Die australopithecinen Arten lebten vor ca. 4 Millionen Jahren. Sie gingen aufrecht, hatten große Backenzähne und ein Gehirnvolumen von bis zu 500 – 600 cm3. Die Gattung Homo entstand vermutlich vor ca. 2,5 Millionen Jahren in Ostafrika. Paläoanthropologen vermuten, dass die frühen Homo-Formen aus den grazilen Australopithecinen hervorgingen.

Der Menschentyp Homo war hinsichtlich seines Körperbaus stattlicher als der Australopithecus, sein Gehirn war größer, Kiefer und Zähne kleiner, und Extremitäten und Wirbelsäule ähnelten denen des modernen Menschen. Die Nutzung des Feuers war der größte Fortschritt in der Entstehung des modernen Menschen. Kein anderes Lebewesen auf der Erde versteht es das Feuer zu nutzen. Über die Stufe des Homo heidelbergensis entwickelten sich der Homo neandertalensis und der Homo sapiens. Die Neandertaler hatten ein Gehirnvolumen, das mit bis zu 1800 cm3 größer war als das des Homo sapiens und des Jetztmenschen.

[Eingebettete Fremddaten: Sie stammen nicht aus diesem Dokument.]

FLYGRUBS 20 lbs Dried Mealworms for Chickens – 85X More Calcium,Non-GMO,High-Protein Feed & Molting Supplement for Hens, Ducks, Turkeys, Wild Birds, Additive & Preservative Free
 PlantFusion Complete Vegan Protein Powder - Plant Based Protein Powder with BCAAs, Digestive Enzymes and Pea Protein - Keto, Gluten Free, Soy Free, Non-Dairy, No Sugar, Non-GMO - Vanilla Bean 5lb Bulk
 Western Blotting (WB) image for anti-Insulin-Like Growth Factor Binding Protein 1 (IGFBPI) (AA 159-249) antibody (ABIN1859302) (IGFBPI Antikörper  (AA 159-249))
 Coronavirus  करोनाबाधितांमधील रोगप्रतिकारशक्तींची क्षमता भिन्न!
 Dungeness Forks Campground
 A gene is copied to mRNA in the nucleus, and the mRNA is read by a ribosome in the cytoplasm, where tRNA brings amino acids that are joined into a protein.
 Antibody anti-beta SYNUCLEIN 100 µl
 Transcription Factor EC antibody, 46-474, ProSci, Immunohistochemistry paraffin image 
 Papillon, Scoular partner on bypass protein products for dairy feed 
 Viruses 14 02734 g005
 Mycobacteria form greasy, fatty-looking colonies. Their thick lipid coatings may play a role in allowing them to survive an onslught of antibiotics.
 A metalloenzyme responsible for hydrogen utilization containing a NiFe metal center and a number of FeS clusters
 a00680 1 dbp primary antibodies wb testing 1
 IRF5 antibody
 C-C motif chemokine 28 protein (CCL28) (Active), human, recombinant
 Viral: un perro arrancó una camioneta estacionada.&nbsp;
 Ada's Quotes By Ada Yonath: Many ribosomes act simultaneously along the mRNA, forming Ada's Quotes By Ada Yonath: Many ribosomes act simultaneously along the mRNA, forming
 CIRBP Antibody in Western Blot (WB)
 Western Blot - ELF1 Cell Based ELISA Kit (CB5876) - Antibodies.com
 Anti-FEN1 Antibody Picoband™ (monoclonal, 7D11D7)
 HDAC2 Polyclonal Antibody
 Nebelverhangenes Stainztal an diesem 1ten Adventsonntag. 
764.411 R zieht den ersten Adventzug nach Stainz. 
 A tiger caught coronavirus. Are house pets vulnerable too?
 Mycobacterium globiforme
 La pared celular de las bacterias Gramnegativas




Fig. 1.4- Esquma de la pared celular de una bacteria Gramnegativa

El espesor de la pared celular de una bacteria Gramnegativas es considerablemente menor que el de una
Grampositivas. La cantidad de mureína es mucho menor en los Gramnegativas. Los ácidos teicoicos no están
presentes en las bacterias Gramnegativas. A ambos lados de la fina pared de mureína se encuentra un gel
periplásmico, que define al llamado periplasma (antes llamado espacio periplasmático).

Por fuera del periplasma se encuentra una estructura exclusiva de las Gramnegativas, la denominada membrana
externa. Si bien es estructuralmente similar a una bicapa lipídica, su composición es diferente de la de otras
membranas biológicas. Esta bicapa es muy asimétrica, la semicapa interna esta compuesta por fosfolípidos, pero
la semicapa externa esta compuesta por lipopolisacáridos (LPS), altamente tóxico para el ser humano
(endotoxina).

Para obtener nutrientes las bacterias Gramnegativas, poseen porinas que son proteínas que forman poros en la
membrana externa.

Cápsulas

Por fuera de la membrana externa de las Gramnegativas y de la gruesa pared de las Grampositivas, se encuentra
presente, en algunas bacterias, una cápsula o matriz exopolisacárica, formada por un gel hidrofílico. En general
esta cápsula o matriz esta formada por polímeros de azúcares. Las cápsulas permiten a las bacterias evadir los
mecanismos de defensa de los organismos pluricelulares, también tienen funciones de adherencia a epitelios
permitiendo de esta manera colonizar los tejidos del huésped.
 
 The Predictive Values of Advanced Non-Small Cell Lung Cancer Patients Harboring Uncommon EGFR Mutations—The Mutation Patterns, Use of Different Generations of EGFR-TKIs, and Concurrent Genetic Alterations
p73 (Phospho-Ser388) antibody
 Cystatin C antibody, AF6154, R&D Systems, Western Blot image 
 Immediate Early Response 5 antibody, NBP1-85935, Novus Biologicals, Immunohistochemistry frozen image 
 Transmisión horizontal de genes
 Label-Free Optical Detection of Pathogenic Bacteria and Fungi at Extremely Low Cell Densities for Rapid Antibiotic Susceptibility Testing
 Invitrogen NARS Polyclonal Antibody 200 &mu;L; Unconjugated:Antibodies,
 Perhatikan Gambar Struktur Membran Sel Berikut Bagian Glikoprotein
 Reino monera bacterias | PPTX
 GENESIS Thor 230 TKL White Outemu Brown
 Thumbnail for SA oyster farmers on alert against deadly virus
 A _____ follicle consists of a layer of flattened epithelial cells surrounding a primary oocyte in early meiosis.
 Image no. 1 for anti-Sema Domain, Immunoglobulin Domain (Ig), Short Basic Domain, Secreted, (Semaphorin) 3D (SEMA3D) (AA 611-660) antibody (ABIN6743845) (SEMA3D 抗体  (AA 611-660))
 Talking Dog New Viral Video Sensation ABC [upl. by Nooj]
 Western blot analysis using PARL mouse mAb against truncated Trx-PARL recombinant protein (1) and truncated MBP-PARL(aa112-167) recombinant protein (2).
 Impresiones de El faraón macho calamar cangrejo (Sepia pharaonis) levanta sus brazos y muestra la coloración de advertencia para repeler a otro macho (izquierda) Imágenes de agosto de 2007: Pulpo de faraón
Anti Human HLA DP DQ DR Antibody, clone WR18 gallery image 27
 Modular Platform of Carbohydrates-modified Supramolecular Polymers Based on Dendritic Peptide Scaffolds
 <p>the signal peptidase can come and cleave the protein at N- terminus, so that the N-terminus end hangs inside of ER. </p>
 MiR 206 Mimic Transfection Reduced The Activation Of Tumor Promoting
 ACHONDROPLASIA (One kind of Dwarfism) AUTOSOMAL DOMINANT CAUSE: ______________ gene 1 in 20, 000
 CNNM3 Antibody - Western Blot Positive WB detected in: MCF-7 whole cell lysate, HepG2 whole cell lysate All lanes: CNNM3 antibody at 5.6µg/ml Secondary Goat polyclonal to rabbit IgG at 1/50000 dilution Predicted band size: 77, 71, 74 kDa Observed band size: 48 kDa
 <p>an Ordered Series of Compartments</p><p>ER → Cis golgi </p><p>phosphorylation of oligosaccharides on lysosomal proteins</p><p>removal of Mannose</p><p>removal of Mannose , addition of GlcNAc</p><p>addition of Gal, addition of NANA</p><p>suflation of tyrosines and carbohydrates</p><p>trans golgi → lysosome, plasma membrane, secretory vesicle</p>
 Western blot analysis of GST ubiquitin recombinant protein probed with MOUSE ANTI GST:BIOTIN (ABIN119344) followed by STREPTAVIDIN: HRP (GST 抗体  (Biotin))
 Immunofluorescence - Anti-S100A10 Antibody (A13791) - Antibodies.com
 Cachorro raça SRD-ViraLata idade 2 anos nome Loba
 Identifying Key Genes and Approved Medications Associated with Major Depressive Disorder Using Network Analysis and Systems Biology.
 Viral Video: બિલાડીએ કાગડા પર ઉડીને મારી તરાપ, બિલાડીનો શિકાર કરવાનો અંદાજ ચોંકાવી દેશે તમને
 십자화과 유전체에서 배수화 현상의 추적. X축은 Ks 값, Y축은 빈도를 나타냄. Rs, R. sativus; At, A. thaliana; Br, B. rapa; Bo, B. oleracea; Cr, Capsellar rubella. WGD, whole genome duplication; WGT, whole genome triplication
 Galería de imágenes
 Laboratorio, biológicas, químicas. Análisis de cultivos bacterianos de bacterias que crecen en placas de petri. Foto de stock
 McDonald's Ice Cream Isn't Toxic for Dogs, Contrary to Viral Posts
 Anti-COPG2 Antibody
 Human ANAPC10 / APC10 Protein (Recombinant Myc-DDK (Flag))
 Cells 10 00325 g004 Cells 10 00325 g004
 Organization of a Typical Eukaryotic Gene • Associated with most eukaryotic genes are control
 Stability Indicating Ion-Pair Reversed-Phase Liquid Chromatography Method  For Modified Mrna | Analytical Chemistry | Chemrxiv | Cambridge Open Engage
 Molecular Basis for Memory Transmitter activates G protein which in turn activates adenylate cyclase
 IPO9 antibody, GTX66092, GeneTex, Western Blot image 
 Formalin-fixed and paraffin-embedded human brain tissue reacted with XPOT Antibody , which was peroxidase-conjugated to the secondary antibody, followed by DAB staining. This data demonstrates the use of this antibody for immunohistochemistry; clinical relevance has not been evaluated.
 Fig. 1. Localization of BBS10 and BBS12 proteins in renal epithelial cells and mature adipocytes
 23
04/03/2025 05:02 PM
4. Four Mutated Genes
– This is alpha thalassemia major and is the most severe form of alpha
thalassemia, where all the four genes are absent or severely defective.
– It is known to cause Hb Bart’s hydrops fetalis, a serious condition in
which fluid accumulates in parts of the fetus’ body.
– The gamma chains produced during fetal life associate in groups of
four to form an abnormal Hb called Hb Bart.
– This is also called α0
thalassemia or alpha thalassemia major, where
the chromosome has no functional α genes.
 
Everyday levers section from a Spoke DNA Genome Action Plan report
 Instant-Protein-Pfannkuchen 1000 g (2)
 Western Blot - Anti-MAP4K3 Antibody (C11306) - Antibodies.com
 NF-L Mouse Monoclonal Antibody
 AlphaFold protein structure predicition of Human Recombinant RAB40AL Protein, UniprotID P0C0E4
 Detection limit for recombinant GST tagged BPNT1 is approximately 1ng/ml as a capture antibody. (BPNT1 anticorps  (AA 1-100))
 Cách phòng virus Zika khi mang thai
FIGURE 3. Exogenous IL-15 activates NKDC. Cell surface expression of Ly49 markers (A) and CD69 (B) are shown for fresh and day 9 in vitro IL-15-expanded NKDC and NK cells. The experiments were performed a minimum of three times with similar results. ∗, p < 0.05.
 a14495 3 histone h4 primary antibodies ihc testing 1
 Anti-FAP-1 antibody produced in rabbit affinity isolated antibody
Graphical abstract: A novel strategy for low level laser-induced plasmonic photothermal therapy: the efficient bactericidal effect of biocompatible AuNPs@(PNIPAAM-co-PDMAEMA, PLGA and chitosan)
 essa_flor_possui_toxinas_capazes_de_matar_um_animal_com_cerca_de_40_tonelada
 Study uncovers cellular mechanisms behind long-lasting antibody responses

Die Neandertaler besaßen eine hohe Werkzeugkultur (Mousterien), eine komplexe Sozialstruktur und betrieben die Großwildjagd. Sie überlebten auch unter kalten, unwirtlichen Bedingungen, z. B. im Hochgebirge sowie in Gletschernähe und wurden 30 – 40 Jahre alt. Sie bestatteten ihre Toten und sollen die Gräber mit Blumen bestreut haben.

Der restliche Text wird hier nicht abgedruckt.